When a record contains an image, skip the image and retype the rest of that record exactly.
Start of PROVIDED RECORDS
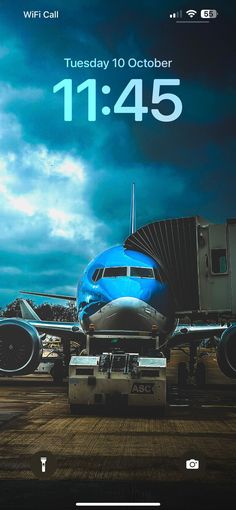 an airplane sitting on the tarmac next to a blue sky with clouds in the background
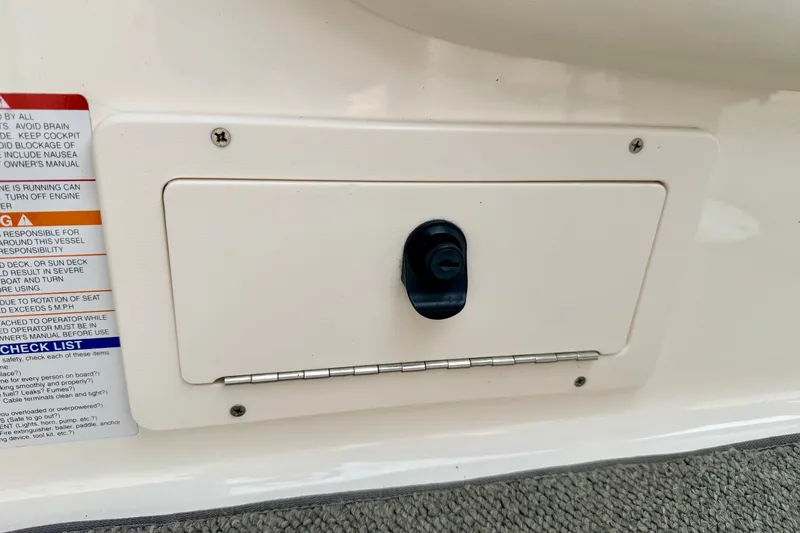 Slide: The Image of Access panel on a 2006 Chaparral Sunesta 216 boat with safety instructions. - 54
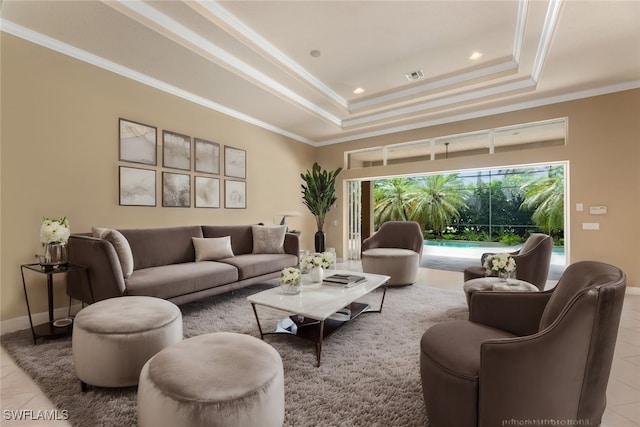 living room with light tile patterned floors, a tray ceiling, and ornamental molding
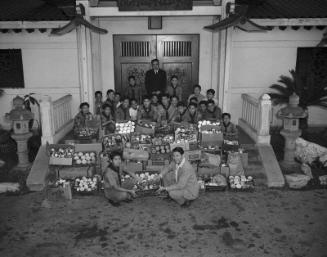 [Boy Scout Troop 379 collecting canned goods for Christmas Cheer drive, Los Angeles, California, December 20, 1954]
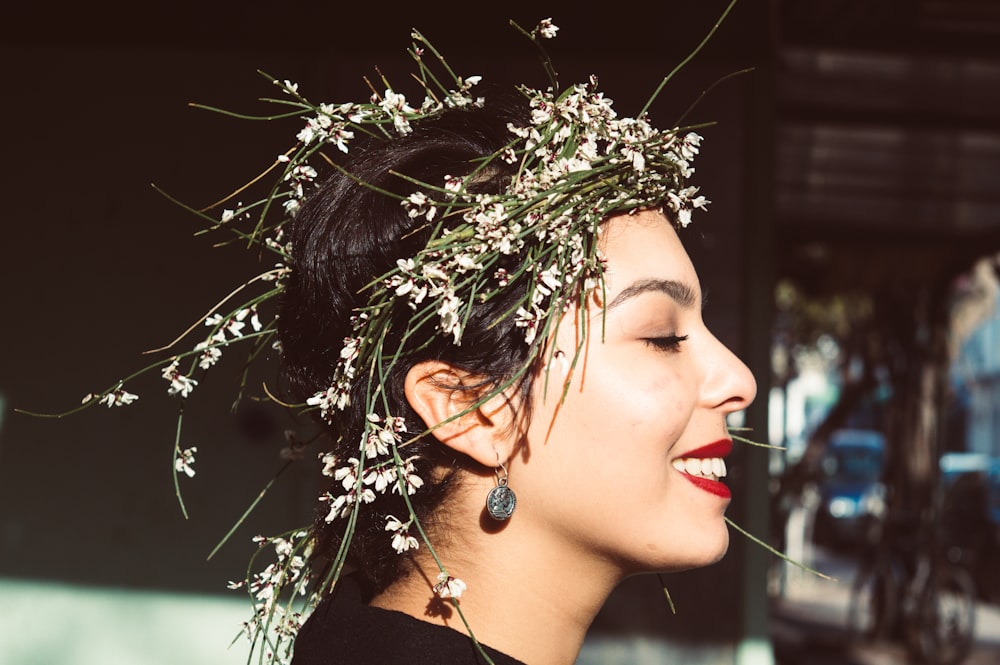 woman in black and silver earrings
End of PROVIDED RECORDS
* _ANSWER SECTION_
 an airplane sitting on the tarmac next to a blue sky with clouds in the background
 Slide: The Image of Access panel on a 2006 Chaparral Sunesta 216 boat with safety instructions. - 54
 living room with light tile patterned floors, a tray ceiling, and ornamental molding
 [Boy Scout Troop 379 collecting canned goods for Christmas Cheer drive, Los Angeles, California, December 20, 1954]
 woman in black and silver earrings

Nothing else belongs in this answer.